■ **EXERCISE GOAL**: Set the data below down again, exactly, with every picture left out.

■ **DATASET SECTION**:
* * * * *

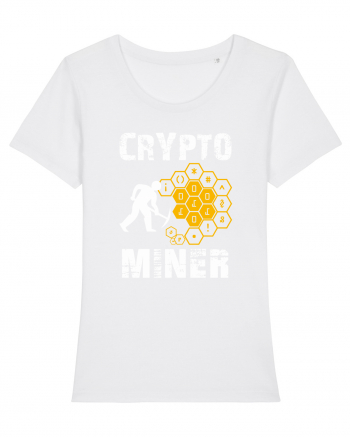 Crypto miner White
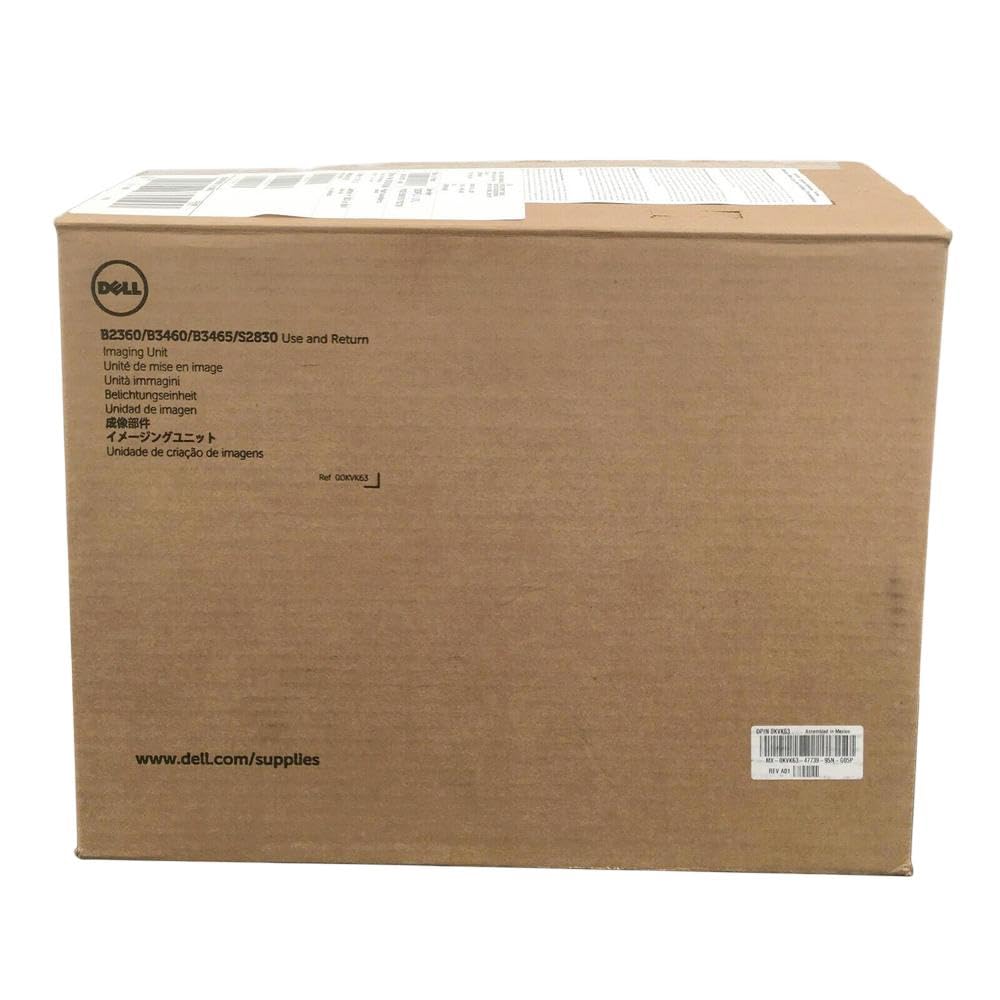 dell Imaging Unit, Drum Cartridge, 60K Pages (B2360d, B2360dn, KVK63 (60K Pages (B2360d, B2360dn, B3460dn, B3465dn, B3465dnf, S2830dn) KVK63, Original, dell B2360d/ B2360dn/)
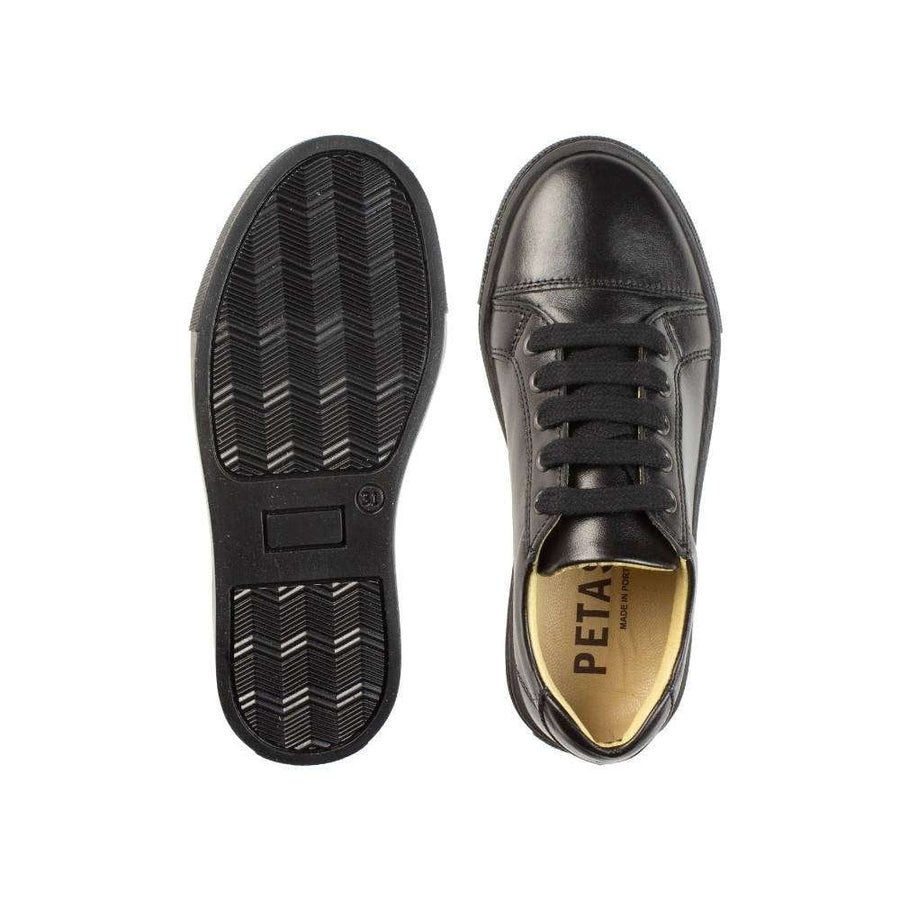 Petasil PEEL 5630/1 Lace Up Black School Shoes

* * * * *

■ **EXERCISE RESPONSE**:
 Crypto miner White
 dell Imaging Unit, Drum Cartridge, 60K Pages (B2360d, B2360dn, KVK63 (60K Pages (B2360d, B2360dn, B3460dn, B3465dn, B3465dnf, S2830dn) KVK63, Original, dell B2360d/ B2360dn/)
 Petasil PEEL 5630/1 Lace Up Black School Shoes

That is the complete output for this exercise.